Below are some records; quote exactly the lines from the one that contains "[2세트] DR NMCA2-11" through the one that contains "Bubblegum Pink Grinch", inclusive, and no others.

START EXTRACTED MATERIAL

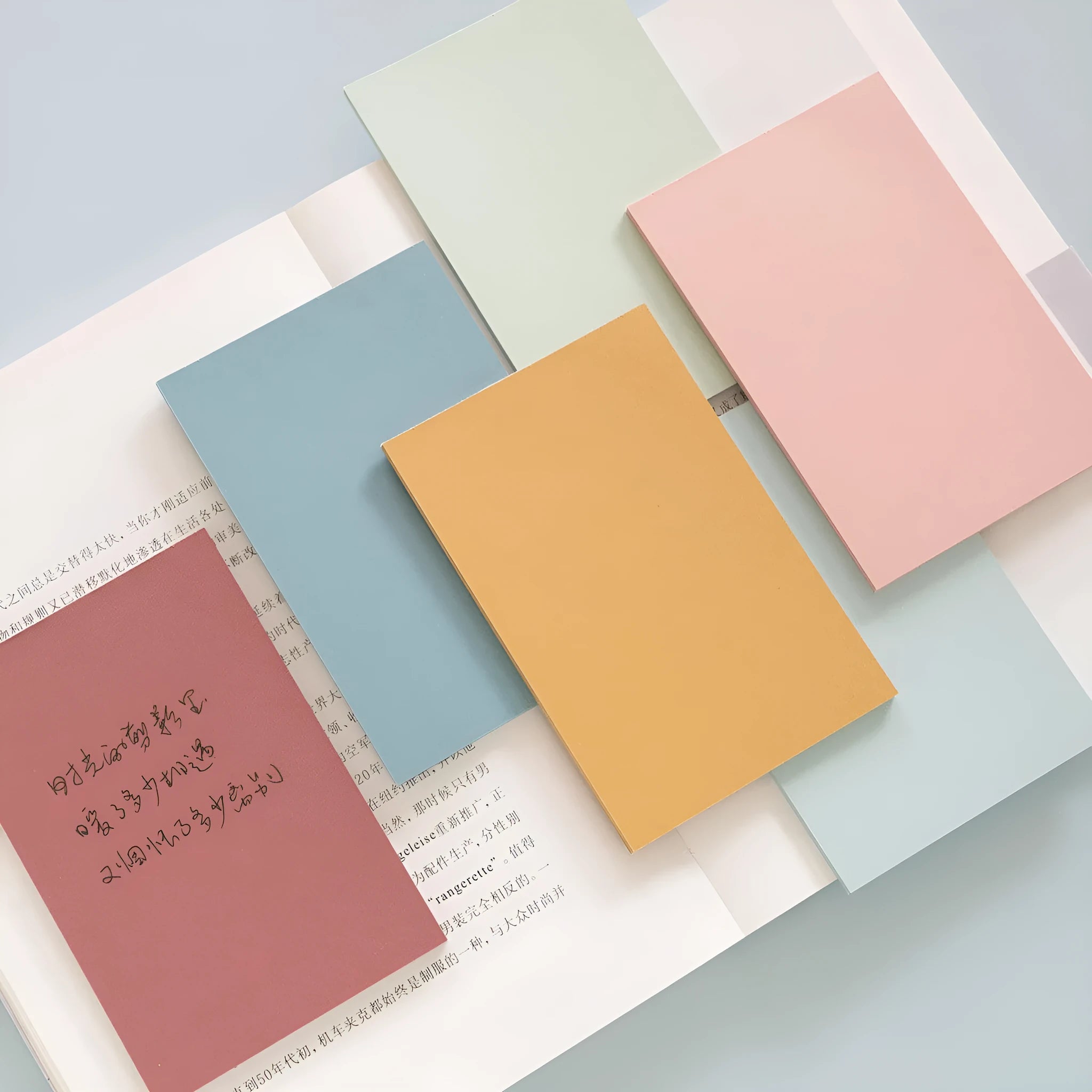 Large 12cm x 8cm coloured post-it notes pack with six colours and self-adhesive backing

END EXTRACTED MATERIAL
START EXTRACTED MATERIAL

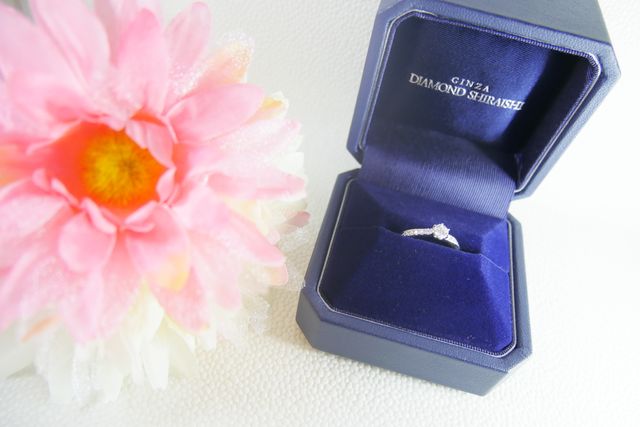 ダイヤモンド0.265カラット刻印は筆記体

END EXTRACTED MATERIAL
START EXTRACTED MATERIAL

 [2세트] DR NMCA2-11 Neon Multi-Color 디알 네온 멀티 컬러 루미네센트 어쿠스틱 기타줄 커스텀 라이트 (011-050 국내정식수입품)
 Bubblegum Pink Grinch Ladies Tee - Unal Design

END EXTRACTED MATERIAL

[EXERCISE RESPONSE]
 [2세트] DR NMCA2-11 Neon Multi-Color 디알 네온 멀티 컬러 루미네센트 어쿠스틱 기타줄 커스텀 라이트 (011-050 국내정식수입품)
 Bubblegum Pink Grinch Ladies Tee - Unal Design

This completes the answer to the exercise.